Definition of the Product Join
The product join compares every qualifying row from one relation to every qualifying row from the other relation and saves the rows that match the WHERE predicate filter. Because all rows of the left relation in the join must be compared with all rows of the right relation, the system always duplicates the smaller relation on all AMPs, and if the entire spool does not fit into available memory, the system is required to read the same data blocks more than one time. Reading the same data block multiple times is a very costly operation.
This operation is called a product join because the number of comparisons needed is the algebraic product of the number of qualifying rows in the two relations.
Any of the following conditions can cause the Optimizer to apply a product join over other join methods:
- No WHERE clause is specified in the query.
- The join is on an inequality condition.

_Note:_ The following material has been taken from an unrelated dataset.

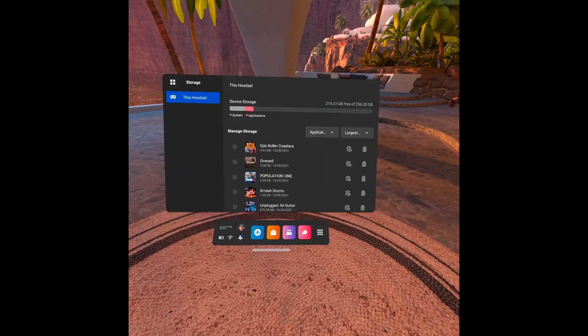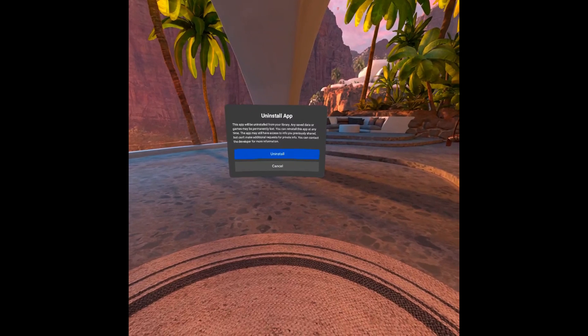Step 5: Find the app or game you want to uninstall, and then click the Uninstall icon next to that game or app. The Uninstall icon looks like a trash can. An Uninstall app window pops up, letting you know that if you move forward this app will be uninstalled and that any saved data or games may be permanently lost.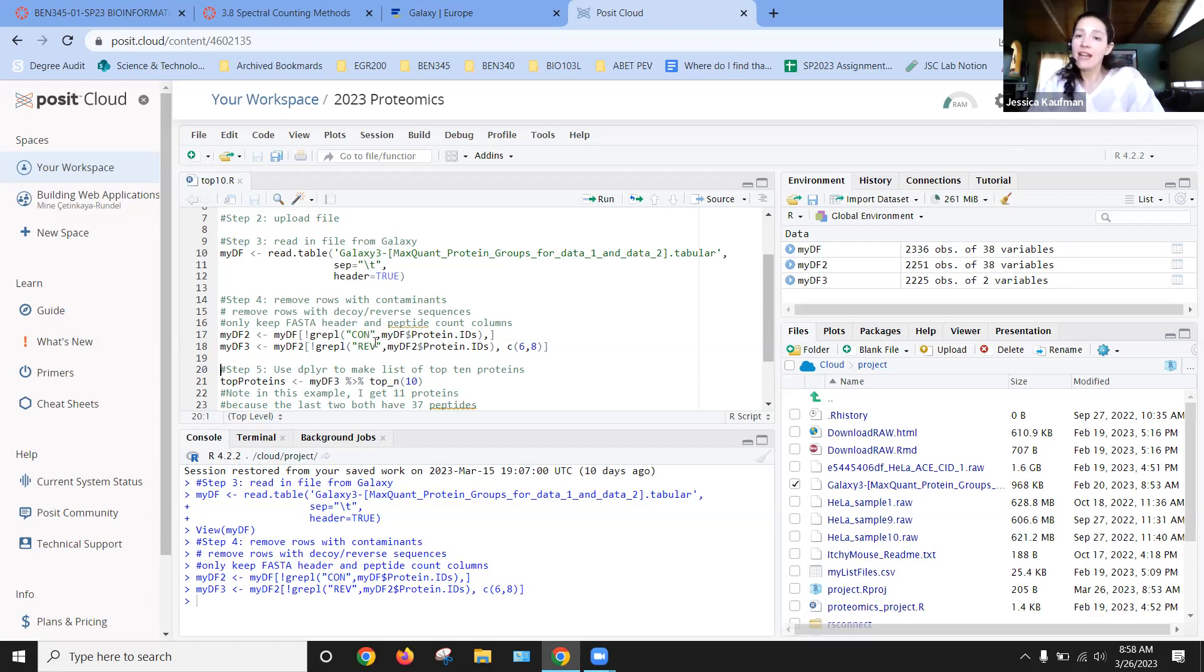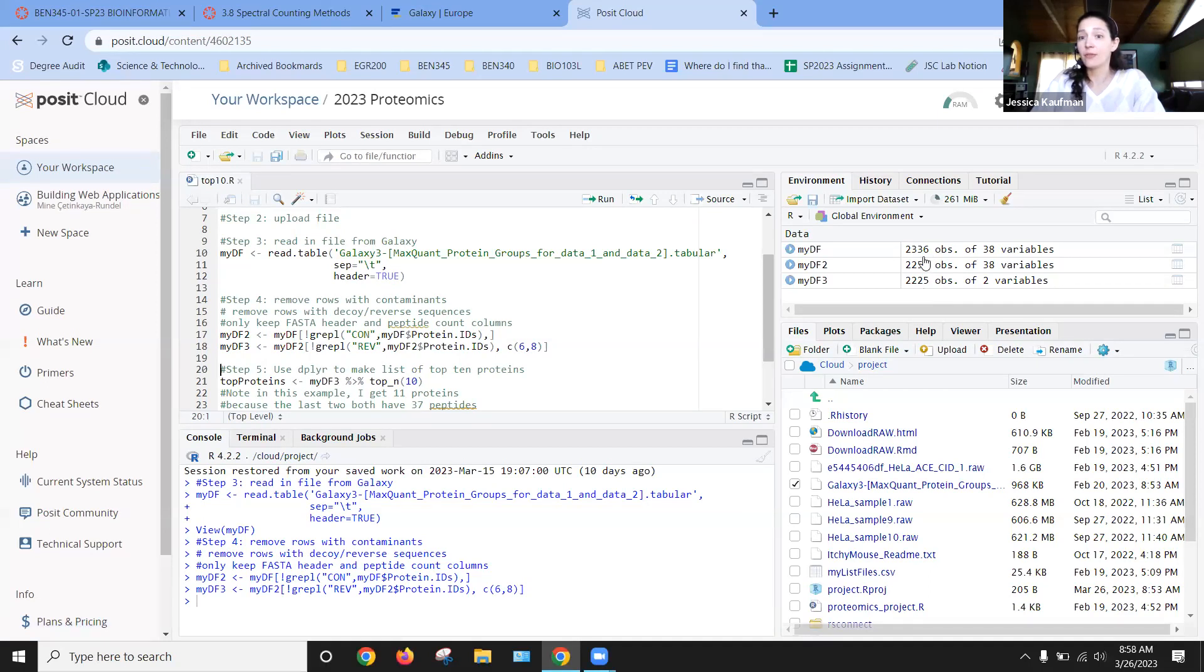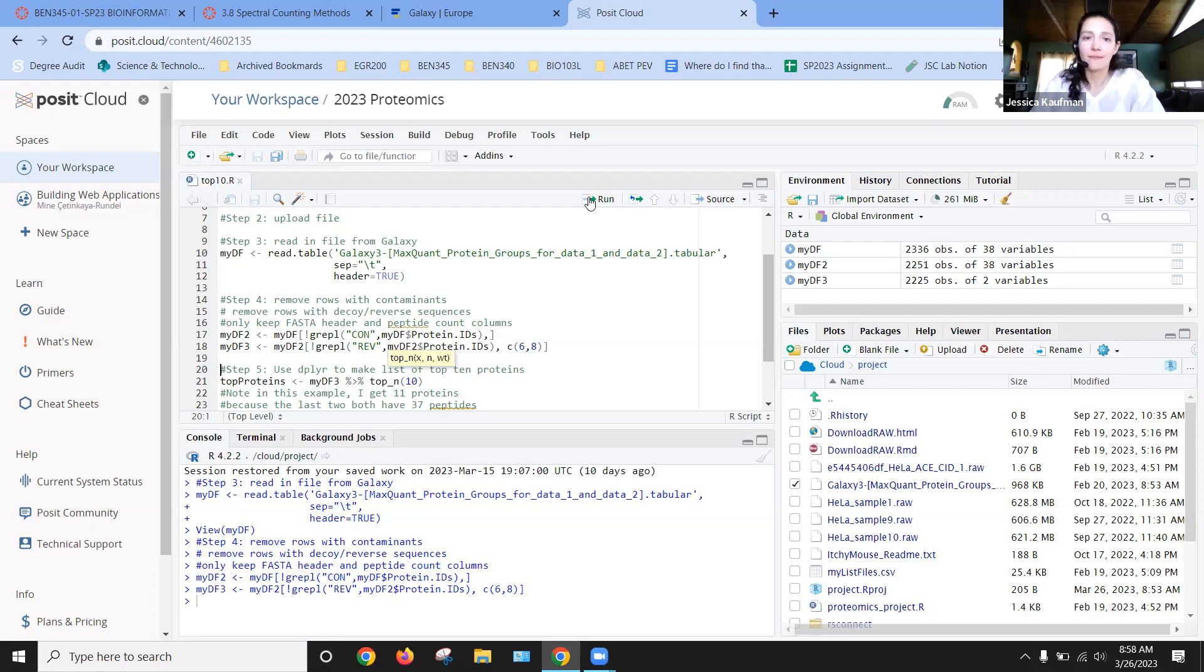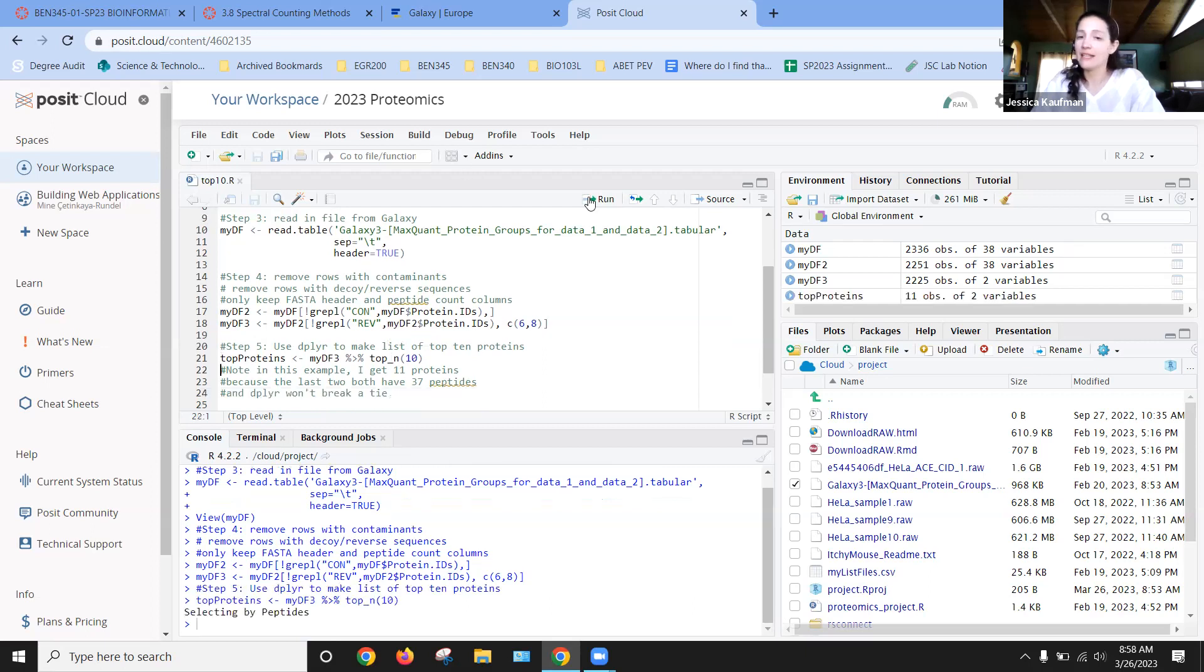So all of those REV codes are also things that aren't relevant to research. Now that I have a cleaned up list, and you can see it's smaller, right? It's only 2,225 as opposed to 2,336.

If you specify a connecting, or bind term between the relations, then the system does not specify a product join. Bind terms are those that are bound together by the equality operator.
- There are ORed join conditions.
- A referenced relation is not specified in any join condition.
- The product join is the least costly join method available in the situation.
Depending on the estimated cost, and whether the condition on which the join is being made is an equality or an inequality (hash joins are used only for equality conditions), the Optimizer might substitute a form of hash join (see Hash Join and Dynamic Hash Joins) in place of an equality product join.
Product Join Types
The following are the families of product join methods:
- Inner product join
- Left outer product join
- Right outer product join
- Full outer product join
- Piggybacked product join
- Inclusion product join
Used only for a product join made on an IN term.
- Inner inclusion product join
- Outer inclusion product join
- Exclusion product join
Used only for a product join made on a NOT IN term.
Exclusion product joins with dynamic column partition elimination are not supported.
- Inner exclusion product join
- Outer exclusion product join
Processing a Product Join
The following list outlines the product join process:
- Cache the left relation rows.
- Join each row of the right relation with each row from the cached left relation.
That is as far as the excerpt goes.